Of course 'rule of the people' is a broad phrase that we must develop further. Various ancient societies have practiced versions of the phenomenon, but the normative elaboration of the concept has its roots in John Locke’s treatment of natural human rights and the justification for government. Human beings are created equal (from a moral standpoint), and government derives its legitimacy only from an (implicit) social contract among equal human beings to delegate certain responsibilities and powers in their community to government.
From this, it follows that those individuals have an equal right to take part in that government. Or, as John Rawls put it: 'It requires that all citizens are to have an equal right to take part in, and to determine the outcome of, the constitutional process that establishes the laws with which they are to comply'.
This is by no means an empty or abstract ideal. Of course it has, is and will always be, realised to varying degrees in real-world communities. But it is still an important yardstick by which we can judge a political system.
Using this yardstick, we can definitively say that North Korea is not a democracy. We can further say that political systems where citizens only choose the governed in periodic elections are more democratic than North Korea. Societies which allow citizens more effective and open opportunities for influence, however, are more democratic still.
Using this clear conception of democracy, we can measure the quality of democracy in a society. We can identify how citizens’ fundamental right to take part in governing their society is under threat today. Better yet, we can have a substantive debate about how striving closer towards that ideal might help meet the crisis of trust that many societies are now experiencing.
In this light, Gagnon’s butterflies are useful. They help us understand the myriad ways in which the ideal of democracy has manifested itself in the real world in different cultures and contexts, and how we might implement it in new and exciting ways. As Eva Krick points out, organising the butterflies into coherent narratives about different forms of democracy are necessary next steps in Gagnon’s project. These steps could enlighten us all about the diversity of democracies in the real world.
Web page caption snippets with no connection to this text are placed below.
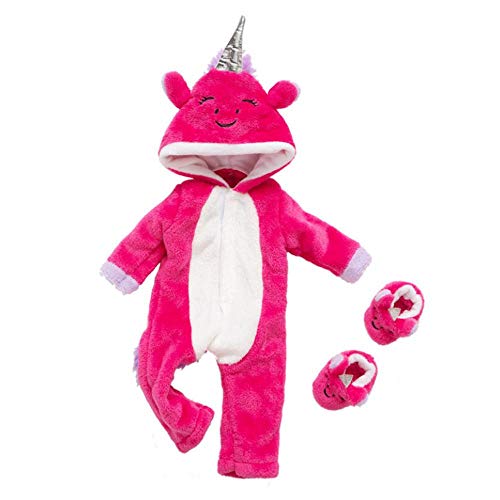 DUORUI Ropa de Muñeca Traje de Invierno Monos Pijamas para Muñeca New Born Baby Doll Patrón de Unicornio Lindo de 18 Pulgadas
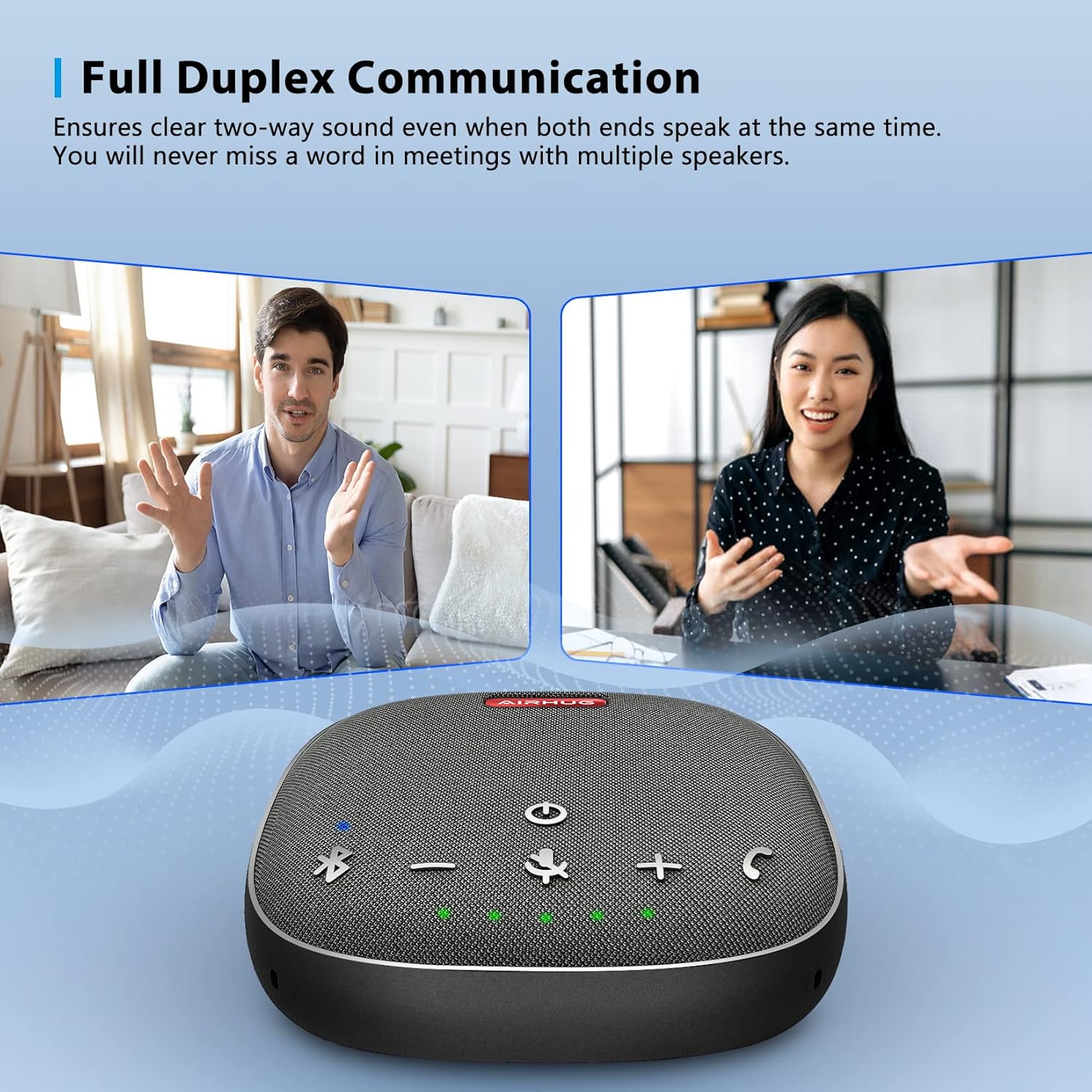 Bluetooth Speakerphone,Conference Speaker with Microphone for Home Office,6 metes HD Voice Pick Up,Advanced Noise Reduction Algorithm,USB-C Plug & Play,Compatible with Zoom,MS Team,Skype,Webex : Office Products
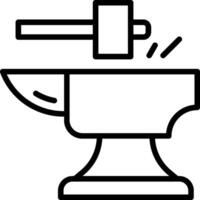 An anvil with a hammer on it vector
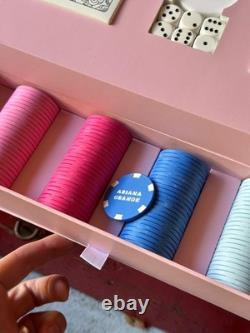 Exclusive Ariana Grande Poker Set Pink Blue Chips with Dice & Cards RARE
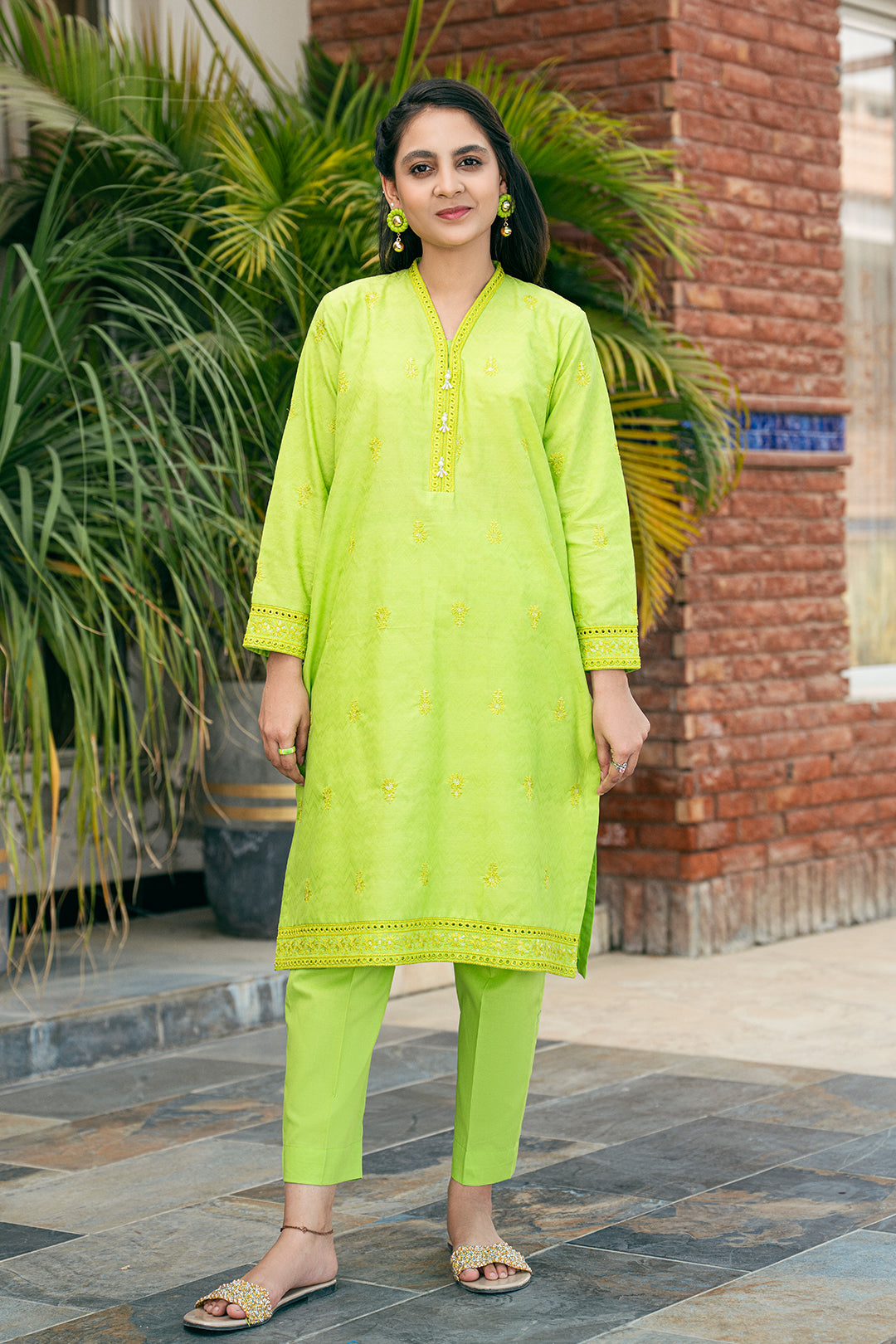 2 Piece Embroidered Dress Shirt with Trouser T-SFC-030
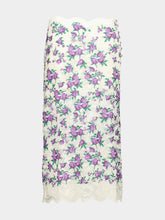 Rabanne Purple Liberty Floral Lace Midi Skirt
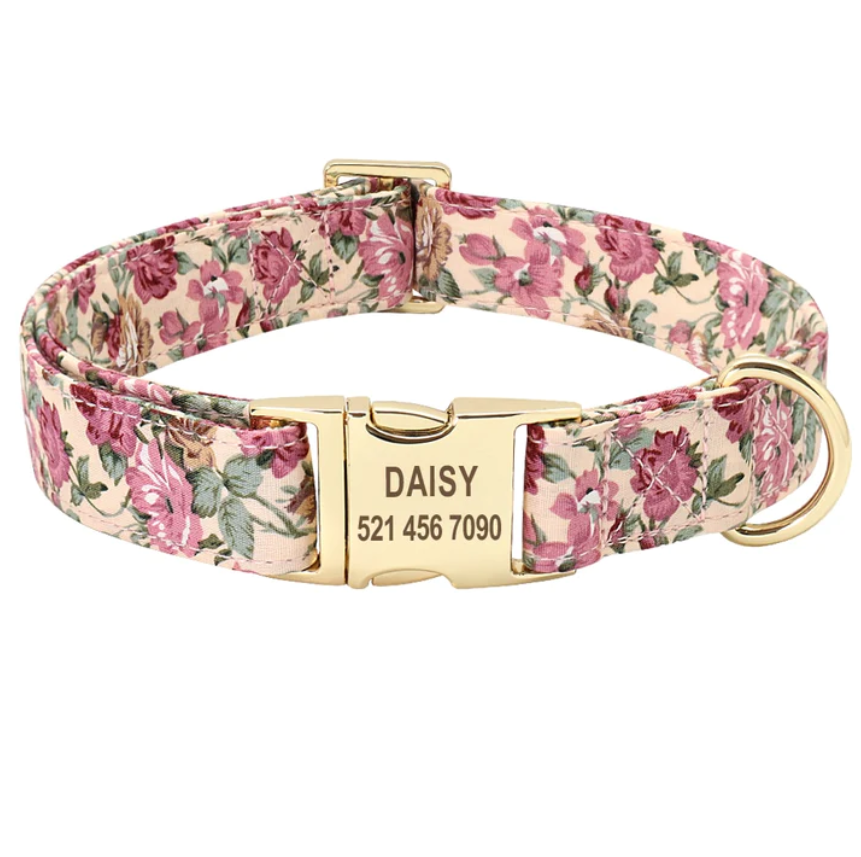 Ensemble Dognity collier et laisse personnalisable imprimé floral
We cannot rise to the challenge of authoritarianism if we lose sight of the meaning and normative value of democracy
But the butterflies cannot replace the ideal. 'North Korean democracy' is not on an equal footing to 'liberal democracy' on the mountain of democracy. And we need democratic theory to guide us through the wilderness of words.
Moving beyond analogies, authoritarianism is on the rise and democracy is in very real danger. We can hardly rise to that challenge if we lose sight of the meaning and normative value of democracy. To defend democracy, we must commit to the democratic ideal, not abandon it.